» DATA FOR THIS TASK:

----

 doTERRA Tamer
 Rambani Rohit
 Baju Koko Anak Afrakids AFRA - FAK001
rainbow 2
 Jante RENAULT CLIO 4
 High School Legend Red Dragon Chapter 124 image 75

----

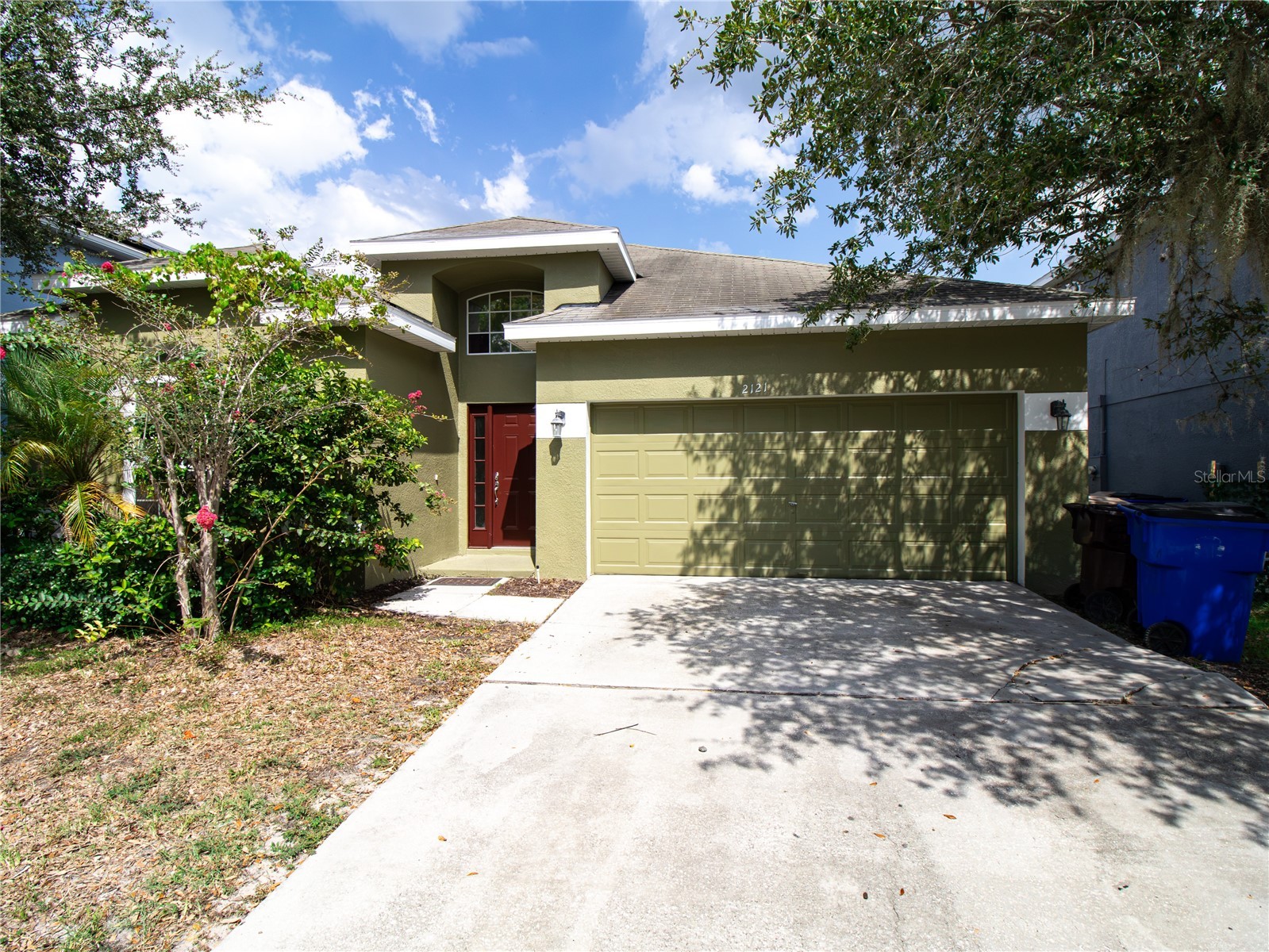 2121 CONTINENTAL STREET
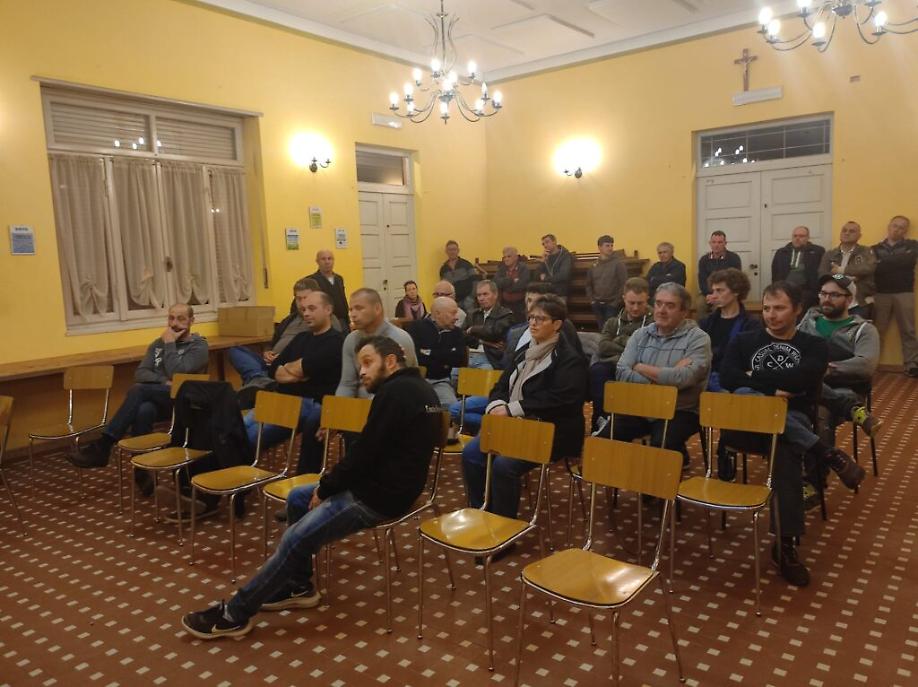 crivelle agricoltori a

----

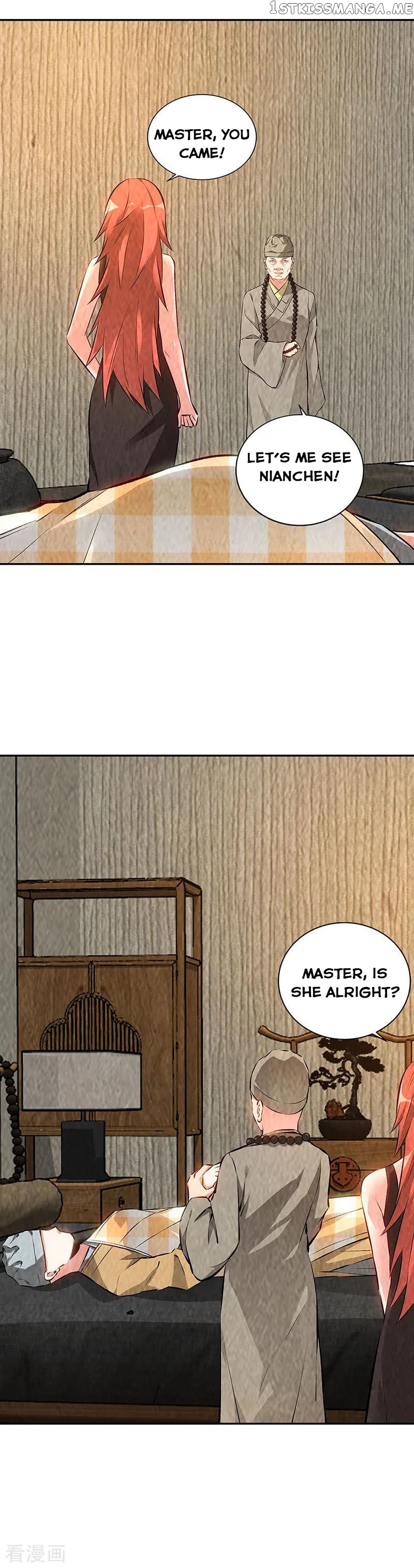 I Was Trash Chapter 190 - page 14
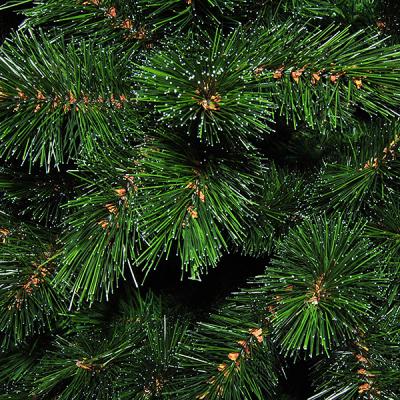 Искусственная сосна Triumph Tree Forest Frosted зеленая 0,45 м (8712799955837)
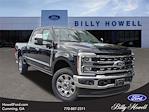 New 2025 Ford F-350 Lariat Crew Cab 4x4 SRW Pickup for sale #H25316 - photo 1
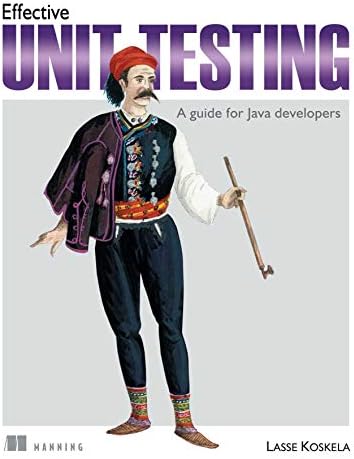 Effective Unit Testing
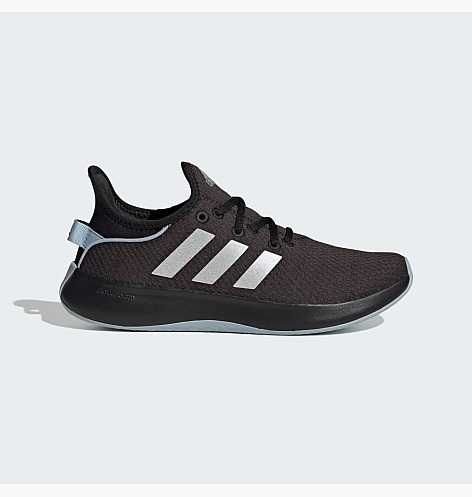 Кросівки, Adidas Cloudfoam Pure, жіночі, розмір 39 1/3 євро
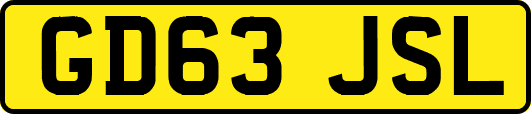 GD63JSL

----

» ASSIGNMENT: Of the lines above, output exactly those from the line bearing "Baju Koko Anak Afrakids AFRA - FAK001" through the line bearing "High School Legend", inclusive.

» ANSWER SECTION:
 Baju Koko Anak Afrakids AFRA - FAK001
rainbow 2
 Jante RENAULT CLIO 4
 High School Legend Red Dragon Chapter 124 image 75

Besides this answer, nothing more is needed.